To be clear, this doesn’t mean that there should be prayer in public schools. Actually, if the local community wants prayer to be present “in” the public school, it should be allowed…but that’s another topic for another article.
Regardless of prayer being permitted or not permitted in the school, the school and its students should be prayed “for” by those who pray in the community. In the words of Pastor Robert Schuller, “Prayer is the power that pulls all things together successfully.” That’s a very important phrase to remember. Not only is it about prayer, but it’s at the heart of systems thinking.
While knowledge is important, knowing how to function within a society and to care for that society as well as the less fortunate is also important. All our actions need to be rooted in a higher power and a higher purpose, rather than to just learn and do for ourselves. Therefore, it’s not just a higher purpose, but a helpful purpose, as well as a personal purpose. Three elements, in one, working together, simultaneously, to create a system.

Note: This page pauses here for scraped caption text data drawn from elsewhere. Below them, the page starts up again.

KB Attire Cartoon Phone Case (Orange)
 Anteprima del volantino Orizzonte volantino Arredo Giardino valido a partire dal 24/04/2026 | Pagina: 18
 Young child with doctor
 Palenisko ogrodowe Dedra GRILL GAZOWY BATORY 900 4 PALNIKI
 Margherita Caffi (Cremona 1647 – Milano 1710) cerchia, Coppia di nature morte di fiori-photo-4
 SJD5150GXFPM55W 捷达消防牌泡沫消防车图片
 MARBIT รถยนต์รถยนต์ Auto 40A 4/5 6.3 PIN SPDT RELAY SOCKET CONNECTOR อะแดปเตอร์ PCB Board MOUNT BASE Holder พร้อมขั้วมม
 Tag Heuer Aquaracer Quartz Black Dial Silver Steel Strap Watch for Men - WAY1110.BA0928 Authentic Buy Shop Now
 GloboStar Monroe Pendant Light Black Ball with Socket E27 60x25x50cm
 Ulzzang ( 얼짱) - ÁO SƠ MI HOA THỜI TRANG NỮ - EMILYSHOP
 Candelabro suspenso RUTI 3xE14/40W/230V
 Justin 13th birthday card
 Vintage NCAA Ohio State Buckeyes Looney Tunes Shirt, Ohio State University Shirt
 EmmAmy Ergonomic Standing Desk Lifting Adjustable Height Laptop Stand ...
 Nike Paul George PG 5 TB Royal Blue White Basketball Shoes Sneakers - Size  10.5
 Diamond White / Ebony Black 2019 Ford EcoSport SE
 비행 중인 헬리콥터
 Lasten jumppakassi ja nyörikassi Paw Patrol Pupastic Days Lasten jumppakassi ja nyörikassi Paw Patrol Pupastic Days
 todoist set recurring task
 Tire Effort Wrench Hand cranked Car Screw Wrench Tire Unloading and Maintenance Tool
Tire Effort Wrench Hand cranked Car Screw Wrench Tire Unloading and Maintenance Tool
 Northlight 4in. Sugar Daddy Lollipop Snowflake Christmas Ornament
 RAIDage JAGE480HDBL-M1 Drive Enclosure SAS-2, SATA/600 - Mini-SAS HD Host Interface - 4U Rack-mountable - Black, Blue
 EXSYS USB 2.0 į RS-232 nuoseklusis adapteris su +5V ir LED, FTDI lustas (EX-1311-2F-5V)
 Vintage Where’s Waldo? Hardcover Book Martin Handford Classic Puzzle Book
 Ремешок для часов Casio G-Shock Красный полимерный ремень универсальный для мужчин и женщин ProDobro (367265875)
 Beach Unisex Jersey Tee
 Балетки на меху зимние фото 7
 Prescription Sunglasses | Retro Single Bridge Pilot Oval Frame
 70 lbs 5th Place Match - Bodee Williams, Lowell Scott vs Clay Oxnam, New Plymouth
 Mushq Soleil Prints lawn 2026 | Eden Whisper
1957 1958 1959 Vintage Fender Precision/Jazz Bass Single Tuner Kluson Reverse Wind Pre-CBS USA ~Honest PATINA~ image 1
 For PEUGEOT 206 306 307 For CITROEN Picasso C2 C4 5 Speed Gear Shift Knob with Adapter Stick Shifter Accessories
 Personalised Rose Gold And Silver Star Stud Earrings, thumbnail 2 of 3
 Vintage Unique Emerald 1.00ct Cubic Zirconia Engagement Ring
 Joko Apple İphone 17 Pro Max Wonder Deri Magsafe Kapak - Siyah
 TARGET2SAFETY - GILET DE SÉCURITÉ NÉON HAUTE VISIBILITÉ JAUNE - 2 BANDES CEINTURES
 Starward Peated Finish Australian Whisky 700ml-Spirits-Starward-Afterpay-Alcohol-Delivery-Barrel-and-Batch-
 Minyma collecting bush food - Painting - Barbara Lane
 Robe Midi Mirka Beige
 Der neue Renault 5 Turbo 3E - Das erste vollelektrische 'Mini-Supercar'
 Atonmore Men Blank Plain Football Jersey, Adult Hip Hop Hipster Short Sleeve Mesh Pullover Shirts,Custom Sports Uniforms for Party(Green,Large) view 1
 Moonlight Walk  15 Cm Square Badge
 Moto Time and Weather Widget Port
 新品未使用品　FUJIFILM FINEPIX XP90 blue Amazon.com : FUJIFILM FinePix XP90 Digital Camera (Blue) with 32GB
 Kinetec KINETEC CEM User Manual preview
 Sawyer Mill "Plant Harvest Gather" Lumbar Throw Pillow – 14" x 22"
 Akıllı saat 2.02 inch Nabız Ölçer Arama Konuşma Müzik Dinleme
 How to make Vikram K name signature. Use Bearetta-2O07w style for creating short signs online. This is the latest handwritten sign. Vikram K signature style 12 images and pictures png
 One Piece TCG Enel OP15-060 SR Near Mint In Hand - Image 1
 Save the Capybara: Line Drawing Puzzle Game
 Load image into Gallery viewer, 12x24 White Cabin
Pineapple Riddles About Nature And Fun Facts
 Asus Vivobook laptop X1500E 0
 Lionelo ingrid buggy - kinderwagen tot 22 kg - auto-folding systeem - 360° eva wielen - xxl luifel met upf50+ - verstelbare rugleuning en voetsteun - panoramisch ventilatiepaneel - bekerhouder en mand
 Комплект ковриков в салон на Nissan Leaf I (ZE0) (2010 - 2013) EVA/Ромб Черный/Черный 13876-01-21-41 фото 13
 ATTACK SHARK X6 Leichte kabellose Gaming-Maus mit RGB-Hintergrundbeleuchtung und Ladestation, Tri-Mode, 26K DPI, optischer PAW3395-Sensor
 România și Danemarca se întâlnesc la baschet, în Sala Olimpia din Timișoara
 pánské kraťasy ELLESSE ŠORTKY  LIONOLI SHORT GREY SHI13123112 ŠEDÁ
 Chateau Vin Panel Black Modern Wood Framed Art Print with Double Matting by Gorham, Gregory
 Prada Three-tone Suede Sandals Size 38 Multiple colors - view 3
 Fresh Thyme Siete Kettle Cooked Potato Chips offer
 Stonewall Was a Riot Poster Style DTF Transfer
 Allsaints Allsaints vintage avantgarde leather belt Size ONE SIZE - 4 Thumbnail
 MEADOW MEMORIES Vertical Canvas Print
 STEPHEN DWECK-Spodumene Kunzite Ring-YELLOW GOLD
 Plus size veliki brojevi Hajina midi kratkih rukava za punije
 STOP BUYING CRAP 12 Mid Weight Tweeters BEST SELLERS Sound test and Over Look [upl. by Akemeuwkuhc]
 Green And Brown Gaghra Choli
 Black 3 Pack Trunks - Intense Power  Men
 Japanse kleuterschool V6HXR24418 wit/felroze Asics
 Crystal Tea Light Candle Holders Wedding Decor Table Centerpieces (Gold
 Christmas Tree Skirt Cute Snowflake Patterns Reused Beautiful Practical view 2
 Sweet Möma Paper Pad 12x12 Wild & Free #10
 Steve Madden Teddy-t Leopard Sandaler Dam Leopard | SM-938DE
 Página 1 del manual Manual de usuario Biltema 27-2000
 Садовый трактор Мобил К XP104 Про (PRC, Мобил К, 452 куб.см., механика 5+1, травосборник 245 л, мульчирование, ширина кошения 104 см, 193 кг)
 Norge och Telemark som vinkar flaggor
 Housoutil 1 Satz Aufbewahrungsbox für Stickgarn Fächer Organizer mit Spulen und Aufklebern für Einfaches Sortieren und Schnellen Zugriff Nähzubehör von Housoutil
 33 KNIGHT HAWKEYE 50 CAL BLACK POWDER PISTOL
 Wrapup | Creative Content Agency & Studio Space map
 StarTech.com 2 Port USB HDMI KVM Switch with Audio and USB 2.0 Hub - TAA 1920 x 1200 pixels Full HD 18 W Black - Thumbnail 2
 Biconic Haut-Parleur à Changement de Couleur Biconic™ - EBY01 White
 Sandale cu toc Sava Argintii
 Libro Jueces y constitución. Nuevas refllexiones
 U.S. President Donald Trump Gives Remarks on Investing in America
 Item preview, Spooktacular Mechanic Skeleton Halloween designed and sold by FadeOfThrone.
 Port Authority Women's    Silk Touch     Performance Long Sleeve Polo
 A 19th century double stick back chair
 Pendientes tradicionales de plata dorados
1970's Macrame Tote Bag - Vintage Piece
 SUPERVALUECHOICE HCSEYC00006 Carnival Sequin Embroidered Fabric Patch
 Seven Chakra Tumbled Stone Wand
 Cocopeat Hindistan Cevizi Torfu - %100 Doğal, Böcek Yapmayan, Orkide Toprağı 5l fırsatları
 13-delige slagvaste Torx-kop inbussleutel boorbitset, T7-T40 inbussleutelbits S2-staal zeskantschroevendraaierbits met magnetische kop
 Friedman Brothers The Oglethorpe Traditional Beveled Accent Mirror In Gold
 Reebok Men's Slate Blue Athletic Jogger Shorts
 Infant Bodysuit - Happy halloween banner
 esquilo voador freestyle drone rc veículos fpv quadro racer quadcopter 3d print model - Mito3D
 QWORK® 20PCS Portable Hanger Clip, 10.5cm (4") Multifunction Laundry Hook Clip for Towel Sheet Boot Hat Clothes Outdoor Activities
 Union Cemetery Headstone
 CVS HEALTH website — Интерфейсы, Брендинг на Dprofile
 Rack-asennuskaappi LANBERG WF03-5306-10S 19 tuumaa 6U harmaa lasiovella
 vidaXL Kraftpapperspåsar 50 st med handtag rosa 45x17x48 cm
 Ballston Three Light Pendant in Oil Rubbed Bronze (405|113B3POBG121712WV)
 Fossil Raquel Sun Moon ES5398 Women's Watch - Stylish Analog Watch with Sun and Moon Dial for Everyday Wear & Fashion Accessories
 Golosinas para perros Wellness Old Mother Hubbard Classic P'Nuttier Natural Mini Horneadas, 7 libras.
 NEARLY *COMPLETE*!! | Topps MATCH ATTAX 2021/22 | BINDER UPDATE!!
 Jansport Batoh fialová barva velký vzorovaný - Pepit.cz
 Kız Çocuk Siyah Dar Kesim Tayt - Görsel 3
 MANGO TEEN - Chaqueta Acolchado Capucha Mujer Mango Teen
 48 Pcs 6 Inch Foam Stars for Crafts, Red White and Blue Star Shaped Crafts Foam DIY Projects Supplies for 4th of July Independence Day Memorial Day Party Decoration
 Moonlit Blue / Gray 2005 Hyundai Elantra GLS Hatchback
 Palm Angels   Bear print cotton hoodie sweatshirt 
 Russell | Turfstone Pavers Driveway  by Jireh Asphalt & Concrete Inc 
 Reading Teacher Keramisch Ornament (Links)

We’re encouraged to pray for those in power, no matter what faith tradition we believe and practice – an especially poignant message in light of this upcoming year’s Presidential election, the polarity we’re experiencing in a nation that calls itself the “United” States, and the way our actions are viewed by others throughout the world. Similarly, we need to pray for those in our schools – administrators, teachers, and students. They’re engaged in the practice of learning, and learning creates knowledge. Notice, then, how the system then comes full circle, because knowledge is power.